“Red” is a list poem. Now to the casual observer that would be obvious. So is a list poem simply a random listing of items, things to do or that are done? A good list poem should be more than that; it should contain things that are somehow related and/or tell a story or create an image. Once at a poetry reading, a university English professor told me she really enjoyed the list poem I had read that evening (I believe it was “Red“) because it wasn’t merely a list, it built up anticipation. I enjoy writing list poems. There’s a simplicity to the form and yet putting items in an order that gives the poem complexity and depth can be a challenge.
I don’t believe I set out to tell any kind of story with “Red“. I created a list of red objects or things that elicit a red image, some immediately recognizable, others that were out of the ordinary, hoping to give you a sense of the color inside and outside of normal experience. Not every line has significant symbolic meaning other than to give a bold display of color.

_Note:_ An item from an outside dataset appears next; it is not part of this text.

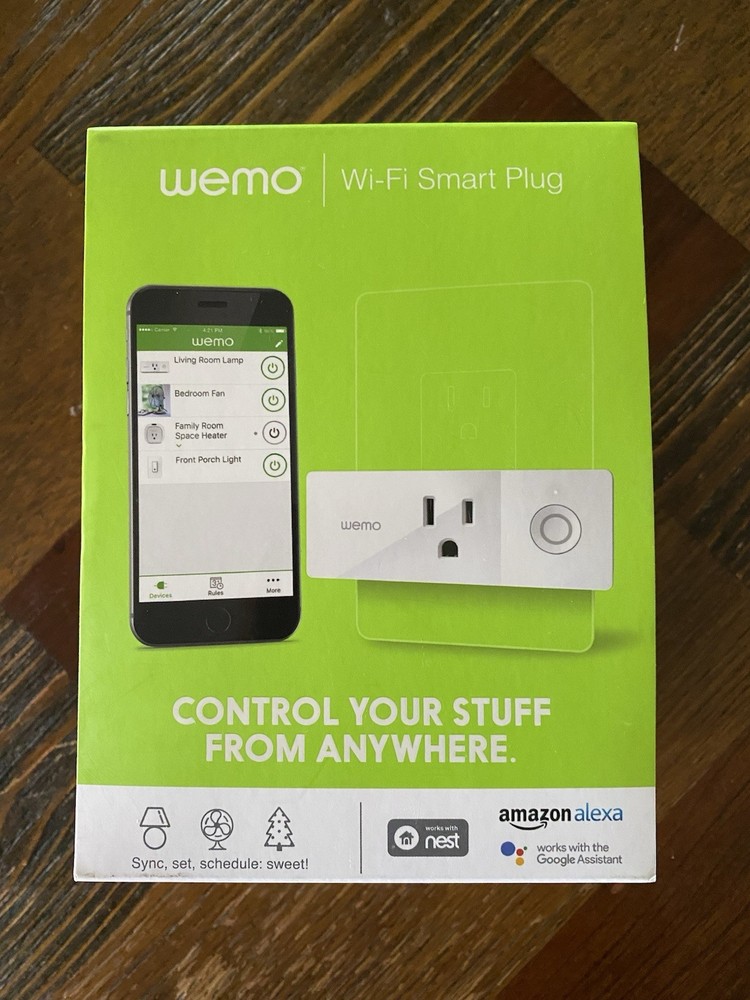 WeMo Wi-Fi Smart Plug Mini, Alexa Google Nest Compatible, Type A, White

I also researched various cultures in my search for meanings of red. For instance, in India a common color for brides is not white, but red; it also indicates being highly favored. To the Cherokee it is sacred. To the Christian as well, symbolizing the blood of Christ.
The ending stanza sums up the overwhelming theme within most cultural views of the color red–it is a remarkably passionate color. This is seen in two intertwining extremes often symbolized by red, love and war. Love can be war; war fought for love. Both extremes are boldly proclaimed at the cross of Christ; but those central poems of the RED series will be discussed later.